[Information given]
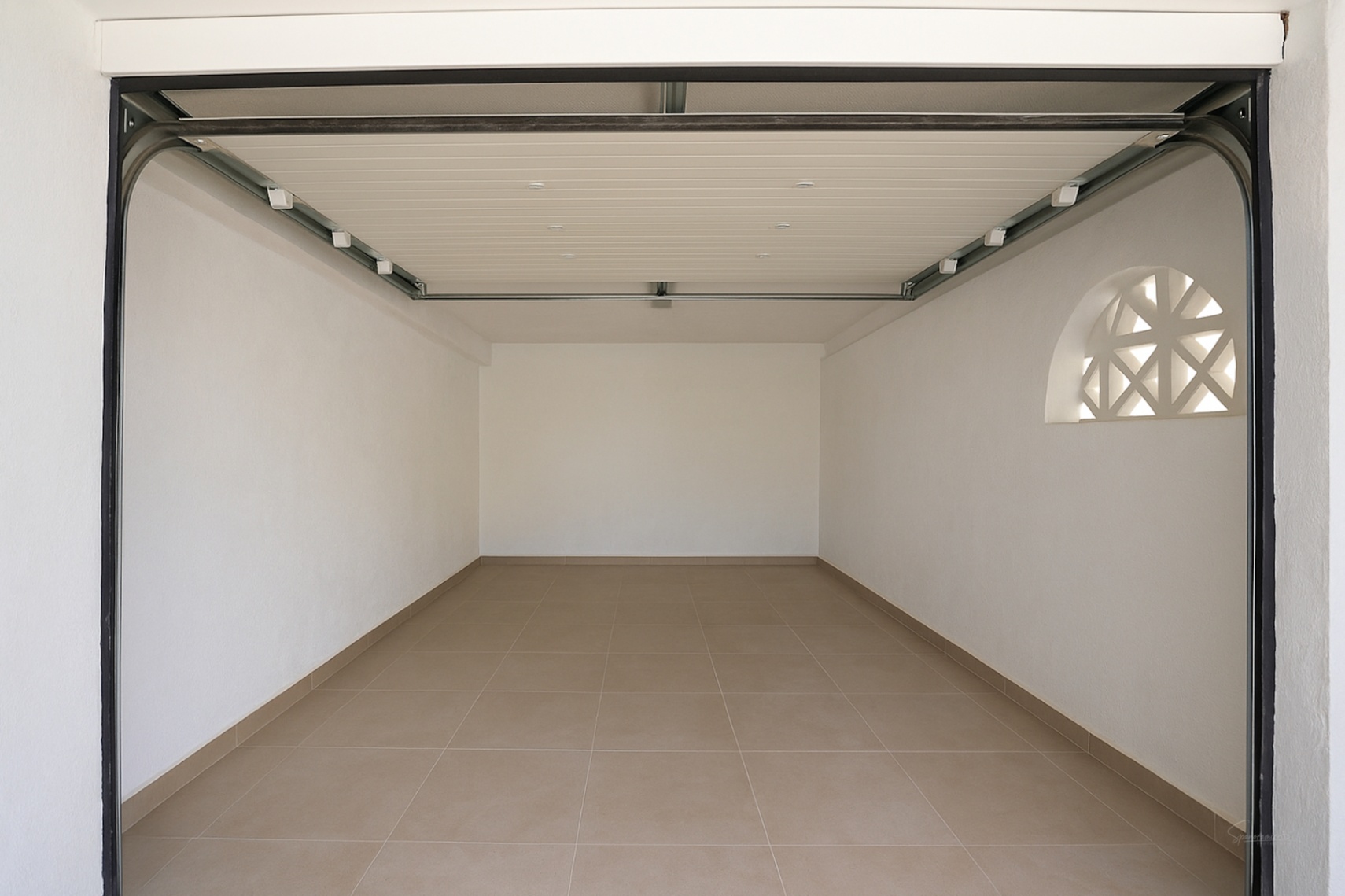 Private garage featuring tiled flooring, white walls, and an automatic sectional door. A decorative arched window provides natural light to the space.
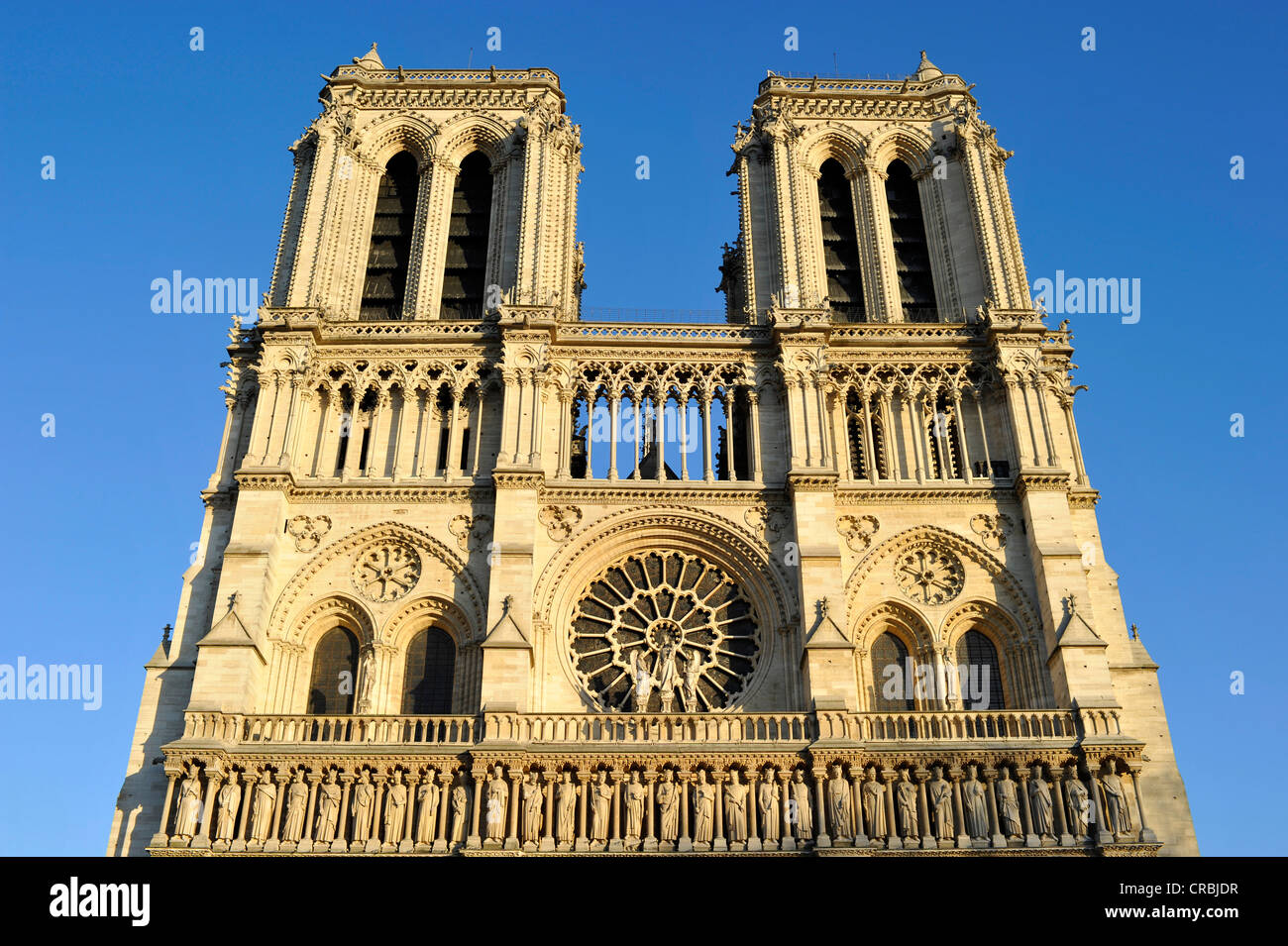 West facade, Gothic ornamental figures over the main portal, rose window, Cathedral of Notre-Dame de Paris, Ile de la Cité Stock Photo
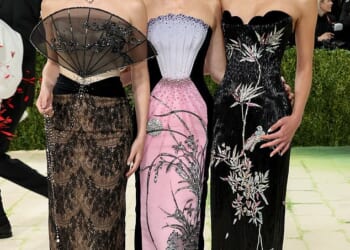 Rupert Murdoch and Wendi Deng's daughters Grace (left) and Chloe (right) were the spitting image of their glamorous mother (centre) as they arrived at the 2026 Met Gala on Monday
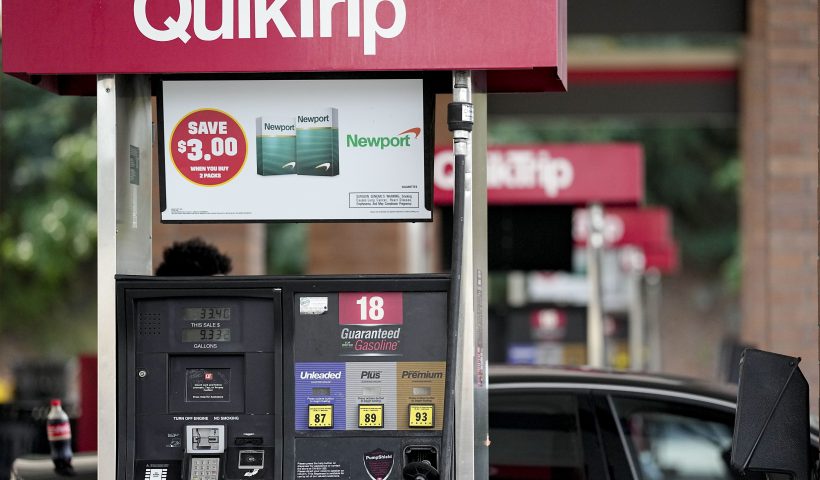 A person pumps gas, Tuesday, Sept. 12, 2023, in Marietta, Ga. Georgia's governor Brian Kemp is suspending state taxes on gasoline and diesel fuel, declaring a legal emergency over higher prices, Tuesday. (AP Photo/Mike Stewart)
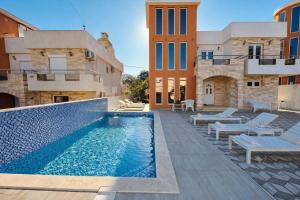 a swimming pool in the middle of a building at Villa Alera in Dobra Voda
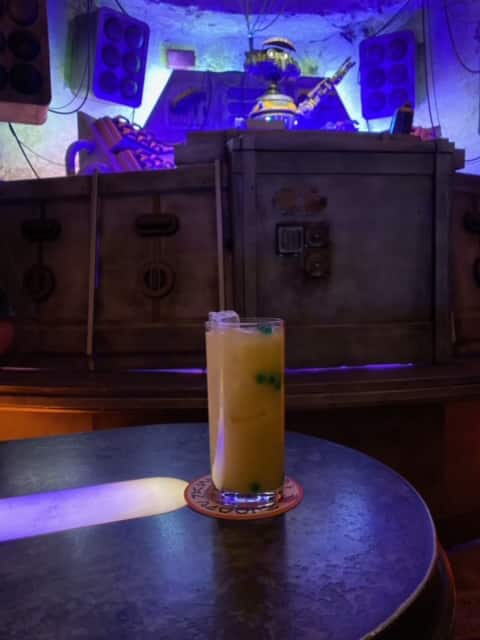 Cocktail inside Oga's Cantina with REX in the background. 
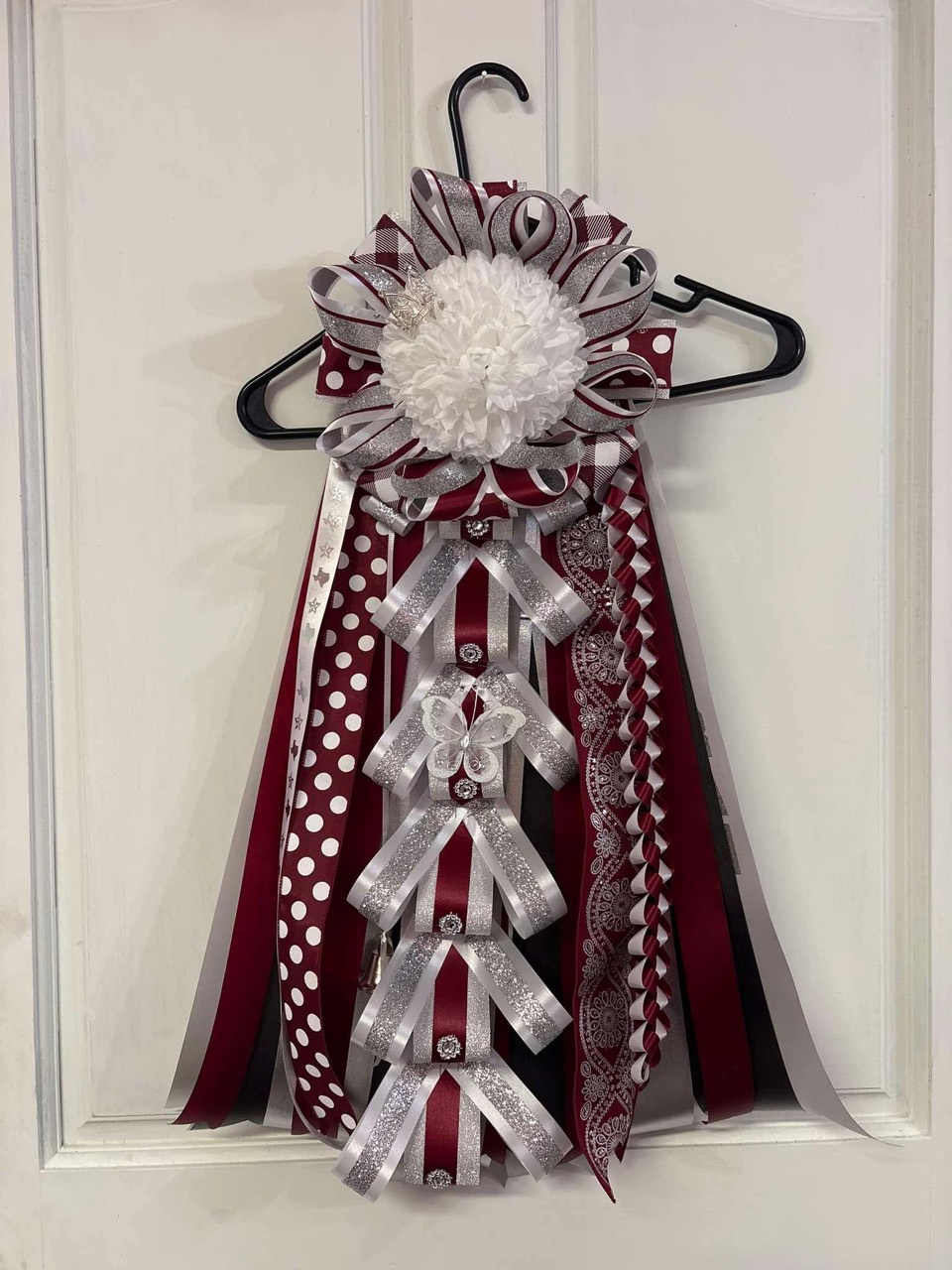 Burgundy, white, and silver ribbon arrangement with butterfly details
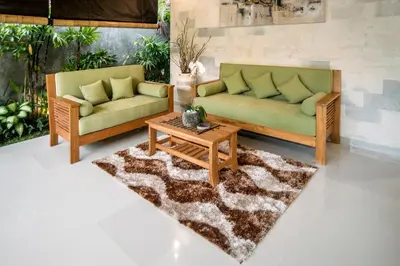 a living room with two couches and a coffee table at Sandi Agung Villa Bidadari in Seminyak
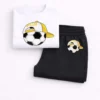Toddler boy wearing a white short-sleeve soccer t-shirt and black jogger pants summer tracksuit set.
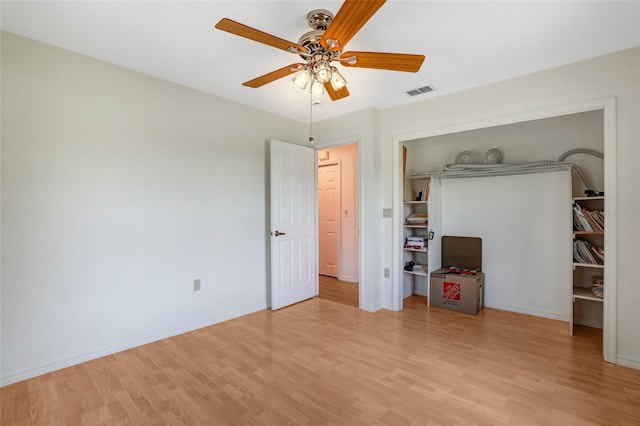 17340 Oak Creek Rd, Alva, FL 33920 - unfurnished bedroom featuring light wood finished floors, baseboards, a closet, and a ceiling fan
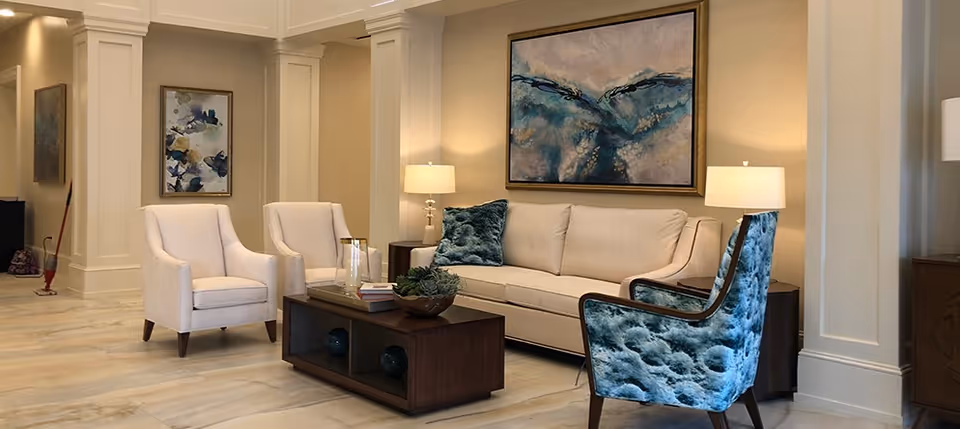 A cozy living room area with a beige sofa adorned with blue cushions, two white armchairs, and a blue patterned armchair. A wooden coffee table with decorative items sits in the center. The walls are beige with white trim, featuring two abstract paintings and two table lamps providing warm lighting.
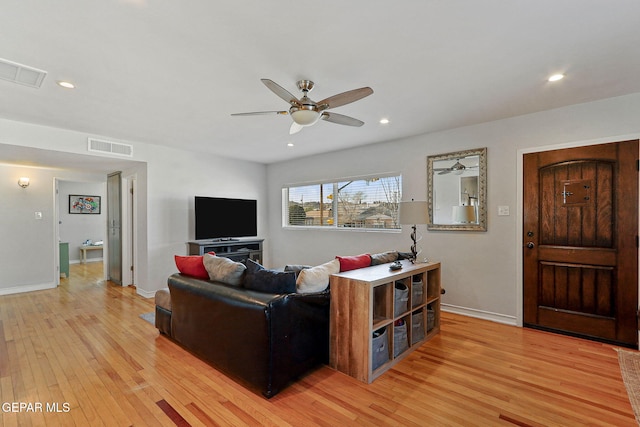 living room with light wood-type flooring and ceiling fan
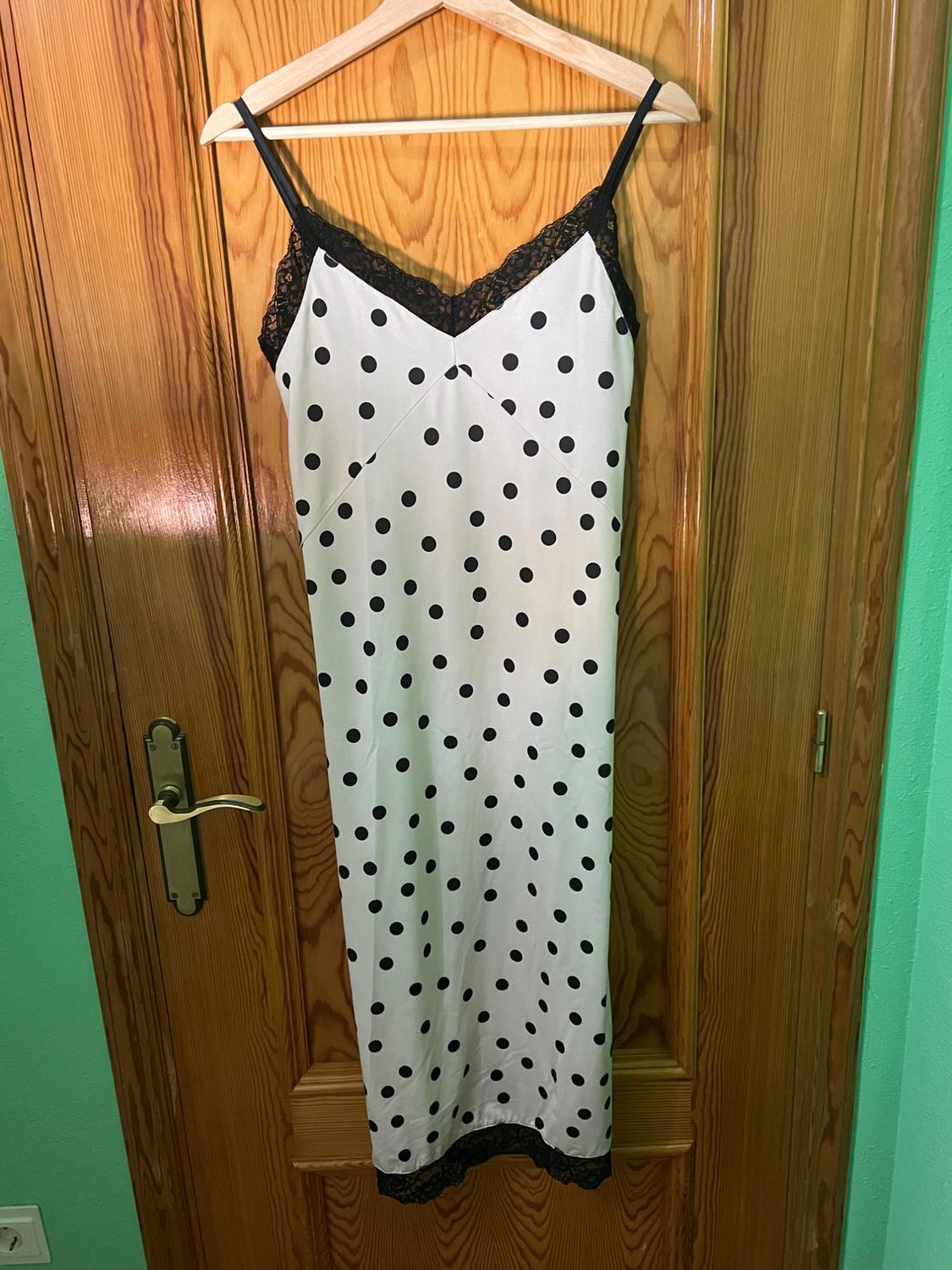 White dress with straps and black polka dots, lace details on the neckline and hem, hanging on a wooden door.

[Required action] Quote the records above exactly, from the first line through the line containing "Toddler boy wearing", and leave out the pictures.

[Solved problem]
 Private garage featuring tiled flooring, white walls, and an automatic sectional door. A decorative arched window provides natural light to the space.
 West facade, Gothic ornamental figures over the main portal, rose window, Cathedral of Notre-Dame de Paris, Ile de la Cité Stock Photo
 Rupert Murdoch and Wendi Deng's daughters Grace (left) and Chloe (right) were the spitting image of their glamorous mother (centre) as they arrived at the 2026 Met Gala on Monday
 A person pumps gas, Tuesday, Sept. 12, 2023, in Marietta, Ga. Georgia's governor Brian Kemp is suspending state taxes on gasoline and diesel fuel, declaring a legal emergency over higher prices, Tuesday. (AP Photo/Mike Stewart)
 a swimming pool in the middle of a building at Villa Alera in Dobra Voda
 Cocktail inside Oga's Cantina with REX in the background. 
 Burgundy, white, and silver ribbon arrangement with butterfly details
 a living room with two couches and a coffee table at Sandi Agung Villa Bidadari in Seminyak
Toddler boy wearing a white short-sleeve soccer t-shirt and black jogger pants summer tracksuit set.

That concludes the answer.